Augustin Hohenfels war aus Bremen zurückgekehrt, wo das Schiff bereits segelfertig lag, das ihn und Eduard nach der Ostküste Südamerikas tragen sollte. Er befand sich mit seinem Sohne allein, der sich anschickte, Toilette zu machen, denn heute sollte er die geliebte Christine, um die er so Schweres gelitten, die er sich ritterlich erkämpft hatte, als Gattin heimführen. Der Vater sah mit düstern Blicken auf das Treiben des Sohnes.

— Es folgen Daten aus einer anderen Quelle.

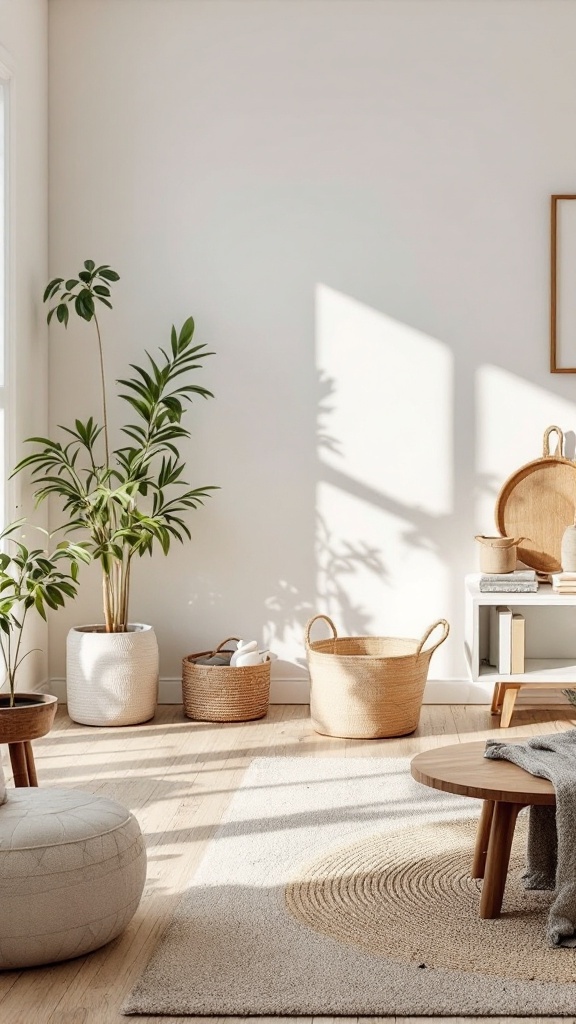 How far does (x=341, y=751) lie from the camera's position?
13.3 ft

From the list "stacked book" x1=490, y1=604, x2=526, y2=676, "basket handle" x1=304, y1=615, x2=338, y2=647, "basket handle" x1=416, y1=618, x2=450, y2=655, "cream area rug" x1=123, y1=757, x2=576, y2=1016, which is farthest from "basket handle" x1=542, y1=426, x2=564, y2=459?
"cream area rug" x1=123, y1=757, x2=576, y2=1016

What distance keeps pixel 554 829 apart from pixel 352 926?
0.55 metres

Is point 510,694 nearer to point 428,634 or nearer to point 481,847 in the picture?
point 428,634

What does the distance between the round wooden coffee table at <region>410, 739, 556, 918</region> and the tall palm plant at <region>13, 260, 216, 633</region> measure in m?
2.09

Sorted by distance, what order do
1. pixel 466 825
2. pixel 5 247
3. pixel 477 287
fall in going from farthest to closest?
pixel 477 287 → pixel 5 247 → pixel 466 825

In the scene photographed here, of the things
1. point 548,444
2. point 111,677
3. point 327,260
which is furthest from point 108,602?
point 548,444

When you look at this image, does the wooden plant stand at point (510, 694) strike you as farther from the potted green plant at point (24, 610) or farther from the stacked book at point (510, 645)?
the potted green plant at point (24, 610)

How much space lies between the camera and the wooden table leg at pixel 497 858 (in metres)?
2.46

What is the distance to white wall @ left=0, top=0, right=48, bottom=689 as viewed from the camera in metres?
4.37

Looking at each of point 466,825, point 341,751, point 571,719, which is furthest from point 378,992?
point 571,719

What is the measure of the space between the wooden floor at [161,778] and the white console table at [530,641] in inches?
6.0

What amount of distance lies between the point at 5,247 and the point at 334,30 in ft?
5.50

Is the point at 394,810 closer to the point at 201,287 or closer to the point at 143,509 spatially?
the point at 143,509

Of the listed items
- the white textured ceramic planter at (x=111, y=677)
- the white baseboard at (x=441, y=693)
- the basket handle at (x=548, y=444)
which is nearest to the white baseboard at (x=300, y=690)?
the white baseboard at (x=441, y=693) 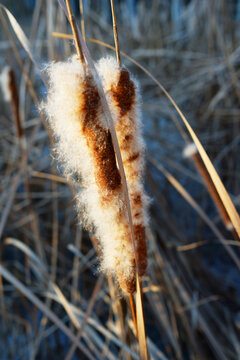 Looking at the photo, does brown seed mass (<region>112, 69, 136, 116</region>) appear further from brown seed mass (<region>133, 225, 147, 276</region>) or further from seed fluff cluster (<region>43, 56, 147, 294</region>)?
brown seed mass (<region>133, 225, 147, 276</region>)

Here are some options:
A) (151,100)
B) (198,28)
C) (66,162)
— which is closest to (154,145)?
(151,100)

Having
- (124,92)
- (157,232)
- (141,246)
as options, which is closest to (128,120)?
A: (124,92)

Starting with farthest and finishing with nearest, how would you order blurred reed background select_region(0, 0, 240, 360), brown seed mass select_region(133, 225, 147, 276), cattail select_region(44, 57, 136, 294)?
blurred reed background select_region(0, 0, 240, 360), brown seed mass select_region(133, 225, 147, 276), cattail select_region(44, 57, 136, 294)

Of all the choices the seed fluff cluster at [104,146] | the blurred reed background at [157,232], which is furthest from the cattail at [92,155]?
the blurred reed background at [157,232]

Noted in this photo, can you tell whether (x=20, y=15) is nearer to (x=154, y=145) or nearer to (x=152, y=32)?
(x=152, y=32)

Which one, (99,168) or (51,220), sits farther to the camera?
(51,220)

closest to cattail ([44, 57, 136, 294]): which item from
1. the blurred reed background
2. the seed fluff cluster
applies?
the seed fluff cluster

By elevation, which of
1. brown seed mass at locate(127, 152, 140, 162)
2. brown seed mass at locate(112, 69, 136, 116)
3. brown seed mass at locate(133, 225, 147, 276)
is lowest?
brown seed mass at locate(133, 225, 147, 276) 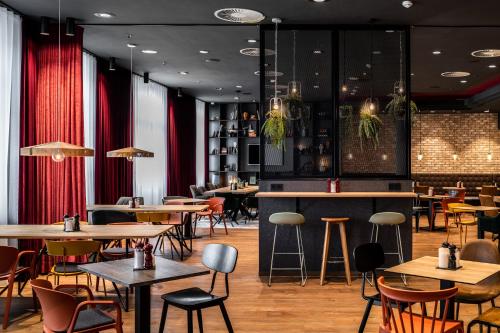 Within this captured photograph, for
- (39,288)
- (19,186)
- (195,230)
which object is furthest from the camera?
(195,230)

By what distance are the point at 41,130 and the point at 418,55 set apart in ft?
22.1

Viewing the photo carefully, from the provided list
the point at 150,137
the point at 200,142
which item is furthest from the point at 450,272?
the point at 200,142

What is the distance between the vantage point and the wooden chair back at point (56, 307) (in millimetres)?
2781

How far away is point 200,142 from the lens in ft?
49.5

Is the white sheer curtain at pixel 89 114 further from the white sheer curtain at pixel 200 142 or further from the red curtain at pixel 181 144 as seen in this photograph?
the white sheer curtain at pixel 200 142

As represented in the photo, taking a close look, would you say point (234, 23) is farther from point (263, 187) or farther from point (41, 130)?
point (41, 130)

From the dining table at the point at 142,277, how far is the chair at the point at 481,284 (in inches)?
83.1

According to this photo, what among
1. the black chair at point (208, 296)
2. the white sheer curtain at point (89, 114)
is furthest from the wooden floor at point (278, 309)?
the white sheer curtain at point (89, 114)

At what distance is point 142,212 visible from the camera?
7152mm

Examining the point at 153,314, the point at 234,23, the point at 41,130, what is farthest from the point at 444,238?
the point at 41,130

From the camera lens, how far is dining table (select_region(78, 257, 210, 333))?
308cm

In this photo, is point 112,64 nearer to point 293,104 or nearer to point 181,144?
point 293,104

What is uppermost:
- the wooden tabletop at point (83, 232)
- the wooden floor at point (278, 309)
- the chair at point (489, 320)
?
the wooden tabletop at point (83, 232)

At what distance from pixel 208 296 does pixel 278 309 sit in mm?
1599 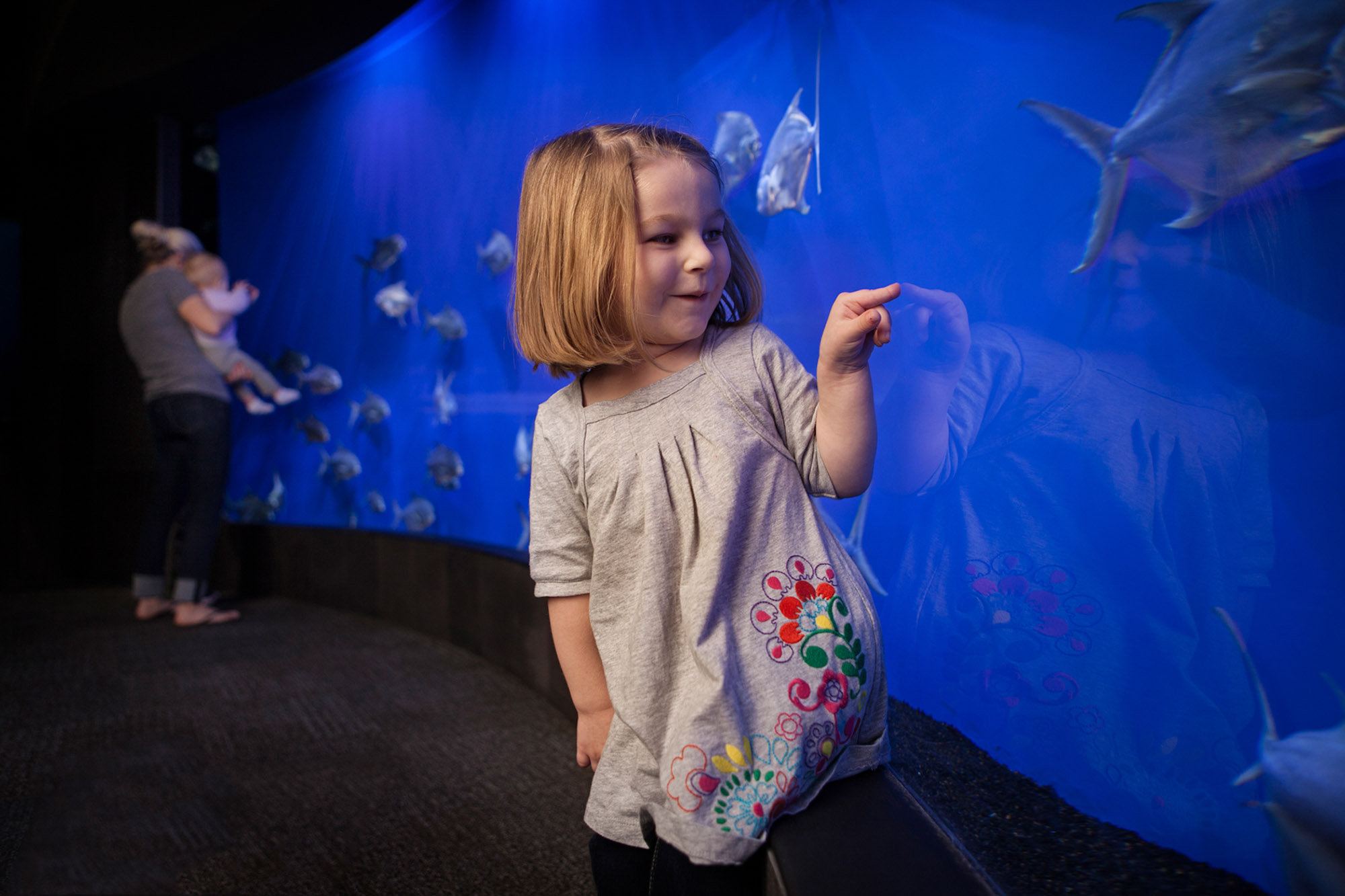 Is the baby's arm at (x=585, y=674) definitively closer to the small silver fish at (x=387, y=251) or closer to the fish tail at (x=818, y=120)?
the fish tail at (x=818, y=120)

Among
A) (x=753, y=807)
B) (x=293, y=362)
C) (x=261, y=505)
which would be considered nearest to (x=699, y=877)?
(x=753, y=807)

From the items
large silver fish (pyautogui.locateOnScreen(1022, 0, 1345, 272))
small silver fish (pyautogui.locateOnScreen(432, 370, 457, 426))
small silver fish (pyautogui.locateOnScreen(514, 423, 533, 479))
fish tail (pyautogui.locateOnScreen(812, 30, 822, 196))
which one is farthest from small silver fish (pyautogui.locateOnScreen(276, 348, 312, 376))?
large silver fish (pyautogui.locateOnScreen(1022, 0, 1345, 272))

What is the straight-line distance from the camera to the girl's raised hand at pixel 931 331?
4.32 feet

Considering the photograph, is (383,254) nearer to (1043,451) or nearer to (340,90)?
(340,90)

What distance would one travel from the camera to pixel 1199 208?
85 cm

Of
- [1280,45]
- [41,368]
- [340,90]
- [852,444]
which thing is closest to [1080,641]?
[852,444]

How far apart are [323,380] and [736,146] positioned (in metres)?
3.11

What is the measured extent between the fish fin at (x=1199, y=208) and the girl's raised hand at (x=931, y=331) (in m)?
0.43

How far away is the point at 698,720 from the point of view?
0.84m

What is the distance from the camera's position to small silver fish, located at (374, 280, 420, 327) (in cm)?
370

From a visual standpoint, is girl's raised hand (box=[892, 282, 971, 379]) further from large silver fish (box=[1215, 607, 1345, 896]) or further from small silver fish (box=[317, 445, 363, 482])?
small silver fish (box=[317, 445, 363, 482])

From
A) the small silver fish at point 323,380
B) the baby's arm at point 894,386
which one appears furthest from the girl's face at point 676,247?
the small silver fish at point 323,380

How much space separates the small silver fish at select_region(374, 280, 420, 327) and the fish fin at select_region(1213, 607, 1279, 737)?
135 inches

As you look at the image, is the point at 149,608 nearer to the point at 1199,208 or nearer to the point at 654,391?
the point at 654,391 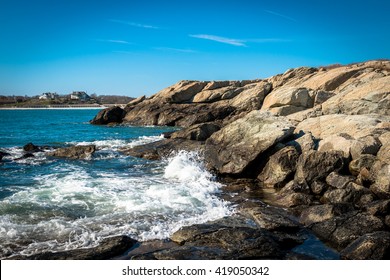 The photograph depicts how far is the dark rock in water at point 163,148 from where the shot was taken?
25781mm

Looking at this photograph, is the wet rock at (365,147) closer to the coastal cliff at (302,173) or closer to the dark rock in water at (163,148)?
the coastal cliff at (302,173)

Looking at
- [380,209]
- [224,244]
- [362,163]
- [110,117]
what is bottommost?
[224,244]

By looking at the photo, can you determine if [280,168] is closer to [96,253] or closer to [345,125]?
[345,125]

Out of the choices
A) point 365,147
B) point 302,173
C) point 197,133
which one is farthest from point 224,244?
point 197,133

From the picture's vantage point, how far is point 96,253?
9.03 metres

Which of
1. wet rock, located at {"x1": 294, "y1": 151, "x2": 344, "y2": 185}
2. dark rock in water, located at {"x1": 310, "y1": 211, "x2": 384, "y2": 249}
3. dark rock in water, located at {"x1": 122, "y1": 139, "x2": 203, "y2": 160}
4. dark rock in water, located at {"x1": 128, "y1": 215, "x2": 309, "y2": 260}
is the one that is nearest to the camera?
dark rock in water, located at {"x1": 128, "y1": 215, "x2": 309, "y2": 260}

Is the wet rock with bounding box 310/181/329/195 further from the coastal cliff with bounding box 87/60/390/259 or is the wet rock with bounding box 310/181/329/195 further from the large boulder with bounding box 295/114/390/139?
the large boulder with bounding box 295/114/390/139

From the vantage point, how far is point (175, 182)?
18125 millimetres

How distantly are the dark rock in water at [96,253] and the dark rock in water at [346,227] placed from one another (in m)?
5.99

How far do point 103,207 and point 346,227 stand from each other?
29.9 ft

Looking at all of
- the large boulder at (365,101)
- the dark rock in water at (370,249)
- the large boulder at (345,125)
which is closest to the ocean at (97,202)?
the dark rock in water at (370,249)

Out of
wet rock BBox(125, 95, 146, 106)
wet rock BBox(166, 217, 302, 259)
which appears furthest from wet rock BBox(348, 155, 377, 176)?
wet rock BBox(125, 95, 146, 106)

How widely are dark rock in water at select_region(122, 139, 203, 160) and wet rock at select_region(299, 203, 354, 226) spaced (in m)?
13.1

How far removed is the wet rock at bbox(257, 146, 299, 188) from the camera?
16922 mm
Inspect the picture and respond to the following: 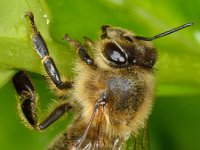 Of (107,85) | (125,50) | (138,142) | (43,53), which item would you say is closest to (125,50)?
(125,50)

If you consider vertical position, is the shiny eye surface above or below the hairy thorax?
above

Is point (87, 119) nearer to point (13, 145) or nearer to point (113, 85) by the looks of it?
point (113, 85)

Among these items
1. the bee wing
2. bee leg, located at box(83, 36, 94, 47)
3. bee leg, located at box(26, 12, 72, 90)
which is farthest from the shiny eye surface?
the bee wing

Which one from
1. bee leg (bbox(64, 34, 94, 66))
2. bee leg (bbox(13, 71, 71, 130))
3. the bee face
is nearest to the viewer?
the bee face

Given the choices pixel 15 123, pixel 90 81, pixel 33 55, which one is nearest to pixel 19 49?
pixel 33 55

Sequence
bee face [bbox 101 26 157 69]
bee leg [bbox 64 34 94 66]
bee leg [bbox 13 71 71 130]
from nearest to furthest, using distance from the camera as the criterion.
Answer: bee face [bbox 101 26 157 69], bee leg [bbox 64 34 94 66], bee leg [bbox 13 71 71 130]

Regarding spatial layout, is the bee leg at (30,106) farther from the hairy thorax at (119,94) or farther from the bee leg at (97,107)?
the bee leg at (97,107)

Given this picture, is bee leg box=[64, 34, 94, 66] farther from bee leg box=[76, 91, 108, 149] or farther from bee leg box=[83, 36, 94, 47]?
bee leg box=[76, 91, 108, 149]

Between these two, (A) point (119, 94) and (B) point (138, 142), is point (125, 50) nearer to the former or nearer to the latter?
(A) point (119, 94) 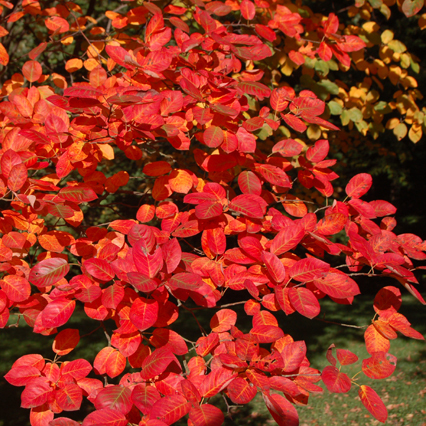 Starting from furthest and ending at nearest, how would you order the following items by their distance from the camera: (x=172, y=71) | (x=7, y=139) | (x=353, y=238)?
(x=172, y=71)
(x=7, y=139)
(x=353, y=238)

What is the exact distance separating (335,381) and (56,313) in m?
0.72

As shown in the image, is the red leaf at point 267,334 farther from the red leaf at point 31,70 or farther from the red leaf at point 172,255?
the red leaf at point 31,70

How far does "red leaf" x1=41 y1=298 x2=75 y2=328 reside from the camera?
105 centimetres

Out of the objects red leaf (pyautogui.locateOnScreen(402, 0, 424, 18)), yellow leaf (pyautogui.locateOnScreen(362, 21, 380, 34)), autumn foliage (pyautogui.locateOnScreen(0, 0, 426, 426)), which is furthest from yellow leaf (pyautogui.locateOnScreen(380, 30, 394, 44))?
autumn foliage (pyautogui.locateOnScreen(0, 0, 426, 426))

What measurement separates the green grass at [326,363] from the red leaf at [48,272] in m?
1.83

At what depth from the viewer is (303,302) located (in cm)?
105

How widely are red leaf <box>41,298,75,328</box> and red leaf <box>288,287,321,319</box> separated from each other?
1.84 feet

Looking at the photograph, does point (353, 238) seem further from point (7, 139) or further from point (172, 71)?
point (7, 139)

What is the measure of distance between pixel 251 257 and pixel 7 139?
862 mm

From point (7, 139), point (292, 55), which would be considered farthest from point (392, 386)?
point (7, 139)

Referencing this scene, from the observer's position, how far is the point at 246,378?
3.47ft

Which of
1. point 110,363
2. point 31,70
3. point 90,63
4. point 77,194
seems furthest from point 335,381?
point 90,63

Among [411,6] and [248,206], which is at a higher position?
[411,6]

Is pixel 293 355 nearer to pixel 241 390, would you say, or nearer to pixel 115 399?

»Du hast dich schnell europäisiert«, sprach Hohenfels, den Sohn in dem modernen Anzug musternd. »Mir würde das nicht so leicht geworden sein. Findest du diese Tracht nicht unschön, lächerlich, narrenhaft?«

»Es ist ein Kleidungsstück wie jedes andere, Vater«, versetzte Miguel. »Meinen Beifall hat es nicht und aus Liebhaberei würde ich mir es niemals wählen, da es nun aber allgemein getragen wird und der Sitte sich fügen überall üblich ist, bequeme ich mich ebenfalls, es anzulegen.«

»Die Tracht deines Vaterlandes ist malerischer, charakteristischer und viel, viel kleidsamer.«

»Gewiß, bester Vater, sie paßt nur nicht für Deutschland.«

»Bist du ein Deutscher?«

Miguel errötete.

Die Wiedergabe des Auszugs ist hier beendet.